POINTES ET LES DÉTOURS (LES)

publié le

La chanson et les lettres, entre Jeanne Balibar et Barbara

Tirant son nom d’une magnifique chanson de Dick Annegarn, Le Saule est un des labels français les plus excitants du moment. Rassemblant des artistes qui ont en commun d’écrire des chansons, à la main, et de les chanter, à voix nue, il couvre à ce jour l’actualité de Jean-Daniel Botta, Léonore Boulanger, Camille Couteau, Philippe Crab, Antoine Loyer et Aurélien Merle. Jetez une oreille sur leur site (www.lesaule.fr) et vous vous rendrez vite compte qu’ils ont mis la barre très haut. Car, le fait qu’ils défendent une chanson possédant un caractère artisanal au moment de l’inspiration créatrice ne les empêche pas d’offrir à chaque fois une réalisation dense et fouillée.

Après Contretemps (2008), la jeune Léonore Boulanger a, pour ce deuxième album, de nouveau confié ses textes au talentueux compositeur, guitariste et bassiste Jean-Daniel Botta. Ensemble, ils ont créé onze titres intemporels, hors mode, suspendus entre le rêve et … le rêve éveillé.

La chanteuse ne laisse pas indifférent. Son chant étrange charme ou agace d’emblée. On chérit ou on déteste cette voix, suave et sensuelle, qui se pose nonchalamment à la manière de Jeanne Balibar et qui sait dire par son chant les choses avec grâce comme le faisait Barbara dans les années 60. Mais, on ne peut nier que cette interprétation soit en symbiose avec les mots mis en musique ici.

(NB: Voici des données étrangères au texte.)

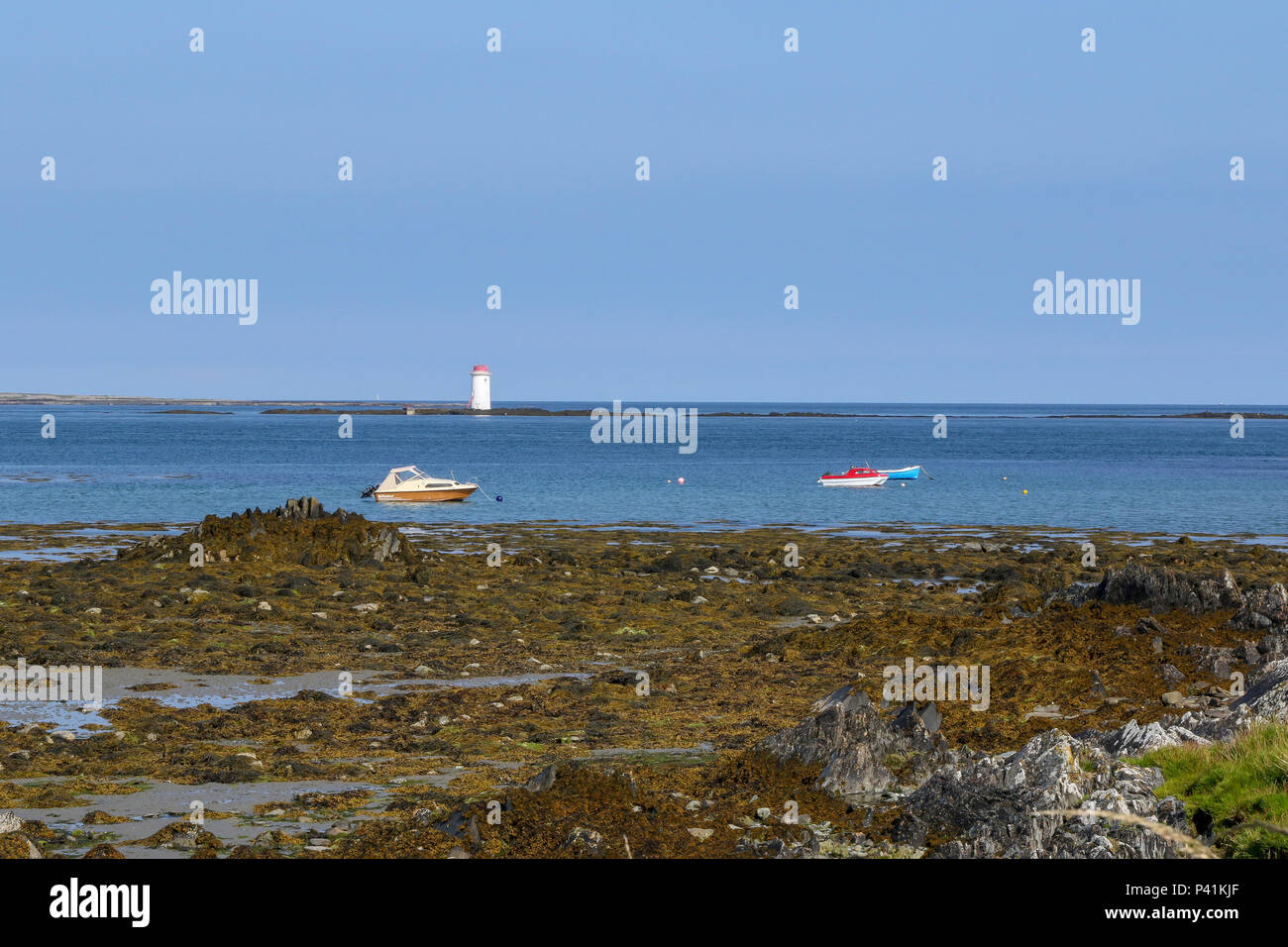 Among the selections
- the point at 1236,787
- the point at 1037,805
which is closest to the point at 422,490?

Léonore possède une plume résolument poétique, fraîche et surréaliste, libre et raffinée. Elle chante sa folie douce qui l’entraîne dans les eaux peu fréquentées d’une écriture qui a autant soif d’absolu qu’elle n’a pas besoin de se rassurer : « Le principe de déraison / Qui rend la démesure / Considère de l’horizon / Les pointes et les détours ». Littéraire dans l’âme, elle choisit ses mots pour leur beauté, leur rareté, leur sonorité peu courante : « Petits serins et grands oiseaux / Tout comme l’aven se donne à l’eau ». Les tournures des phrases parfois elliptiques, souvent alambiquées l’écartent définitivement des paroliers du quotidien. Et pourtant cette poésie sophistiquée est limpide. Léonore arrive à transporter dans une sphère parallèle ceux qui conçoivent que la compréhension d’un texte est parfois secondaire ou multiple. Là, les associations de sens inattendues font mouche, si bien que les visions rêvées de la demoiselle nous font rêver à leur tour.

Ces mots, Jean-Daniel Botta a choisi de les habiller avec une palette d’instruments exclusivement acoustiques. Aux piano, guitare, violoncelle, orgue, contrebasse, accordéon, batterie et percussions se mêlent astucieusement gembri, bouzouki, kalimba et scie musicale. Avec ses complices de haut vol, le compositeur nourrit sa chanson folk planante de rythmes tribaux, de couleurs jazz et afro, et de climats inspirés du répertoire classique. Le chant s’en voit magnifié et la touche onirique de l’ensemble renforcée.

Tout en poussant le mariage des mots et de la musique à un niveau artistique rarement atteint, Léonore Boulanger et ses musiciens ont réussi le pari de ne pas tuer le pouvoir émotif simple d’une chanson. Les Pointes et les détours fait partie de ces disques qui procurent des sensations nouvelles à chaque écoute et qui marque au fer rouge celui qui prend la peine de s’y aventurer.